Cons include few scalability issues.
Organisations powered by Flink include AWS, Uber, CapitalOne, Alibaba.com, etc.
Hive
Apache Hive, designed by Facebook, is an ETL (Extract / Transform/ Load) and data warehousing system. It is built on top of the Hadoop –HDFS platform.
The key components of the Hive Architecture include
- Hive Clients
- Hive Services
- Hive Storage and Computing
The Hive engine converts SQL- queries or requests to MapReduce task chains. The engine comprises of
Parser: It goes through the incoming SQL-requests and sorts them
Optimizer: It goes through the sorted requests and optimises them
Executor: It sends tasks to the Map Reduce framework
Pros include own query language HiveQL similar to SQL, suited for data-intensive jobs, support for a wide range of storages, shorter learning curve
Cons include not suited for online transaction processing.
Organisations powered by Hive include PayPal, Johnson & Johnson, Accenture PLC, Facebook Inc., J. P. Morgan, HortonWorks Inc, Qubole, etc.
Presto
Presto is the open-source distributed SQL tool most suited for smaller datasets up to 3Tb.
Presto engine includes a coordinator and multiple workers. When client submits queries, these are parsed, analysed, their execution planned and distributed for processing among the workers by the coordinator.
Pros include least query degradation even in the event of increased concurrent query workload.
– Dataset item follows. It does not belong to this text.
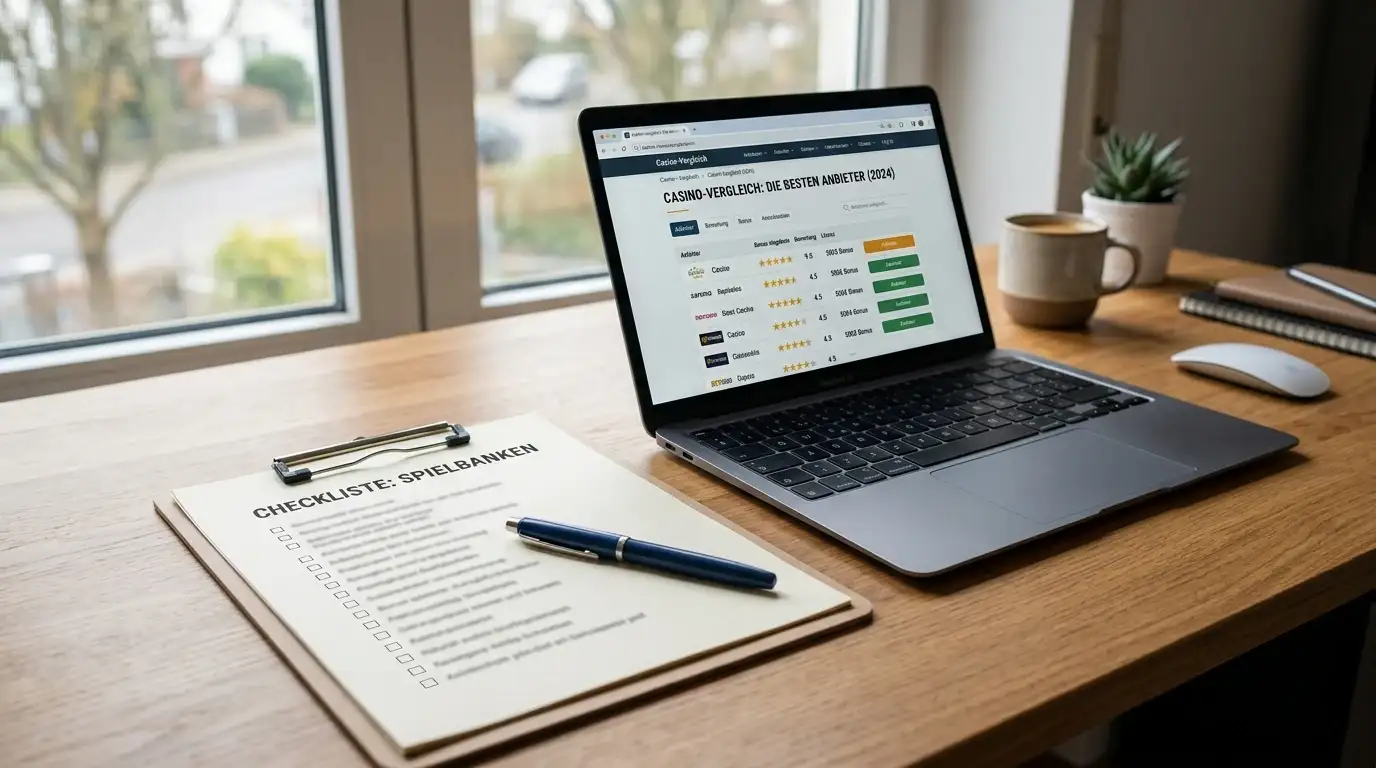 Checkliste auf Papier neben Laptop mit Casino-Vergleich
It has a query execution rate that is three times faster than Hive. Ease in adding images and embedding links. Highly user-friendly.
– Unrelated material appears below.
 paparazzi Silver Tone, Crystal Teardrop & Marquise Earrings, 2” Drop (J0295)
Cons include reliability issues
Organisations powered by Presto include AirBnb, Facebook, NetFlix, DropBox, NasDAQ, Uber, etc.
Impala
Impala is an open-source MPP (Massive Parallel Processing) query engine that runs on multiple systems under a Hadoop cluster. It has been written in C++ and Java.
It is not coupled with its storage engine. It includes 3 main components
- Impala Daemon (Impalad): It is executed on every node where Impala is installed.
- Impala StateStore
- Impala MetaStore
Impala has its query language like SQL.
Pros include supports in-memory computation hence accesses data without movement directly from Hadoop nodes, smooth integration with BI tools like Tableau, ZoomData, etc., supports a wide range of file formats.
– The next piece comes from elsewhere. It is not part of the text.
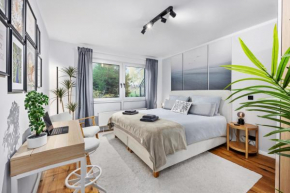 EDLER WOHNRAUM Noble Stadtoase mit Boxspringbett, Kaffeevollautomat, Lift & Parkplatz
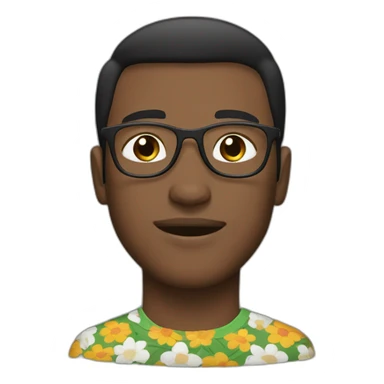 white guy dark short hair wearing glasses and dark t-shirt with flowers print sticker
Cons include no support for serialisation and deserialization of data, inability to read custom binary files, table refresh needed for every record addition.
Organisations powered by Impala include Bank of America, J. P. Morgan, Apple, MetLife, etc.
Samza
Samza is an open-source tool for streaming data processing that was designed at LinkedIn.
It has 3 layers
- Streaming
- Execution
- Processing
Pros include operational ease, high performance, horizontal scalability, ability to execute same code for batch processing as well as streaming data and pluggable architecture
Cons include unsuitable for extremely low latency processing.
Organisations powered by Samza include Optimizely, Expedia, VMWare, ADP, etc.
Conclusion
There is no dearth for frameworks in the market currently for Big Data processing. There is no single framework that is best fit for all business needs. But to highlight a few frameworks, Storm seems best suited for streaming while Spark is the winner for batch processing. For every organisation or business, one’s own data is most valuable. Investing in Big Data frameworks involves spending. Many frameworks are freely available while some come with a price. Depending on the project needs, avail of trial versions offered.
Understand the goals of the business. If possible, experiment with the framework on a smaller scale project to understand its functioning better. Scalability is an aspect which should be borne in mind for future implementations. At times, the solution may lie in using multiple frameworks depending on its feasibility for the various process components involved. Investing in the right framework can pave the way for success in business.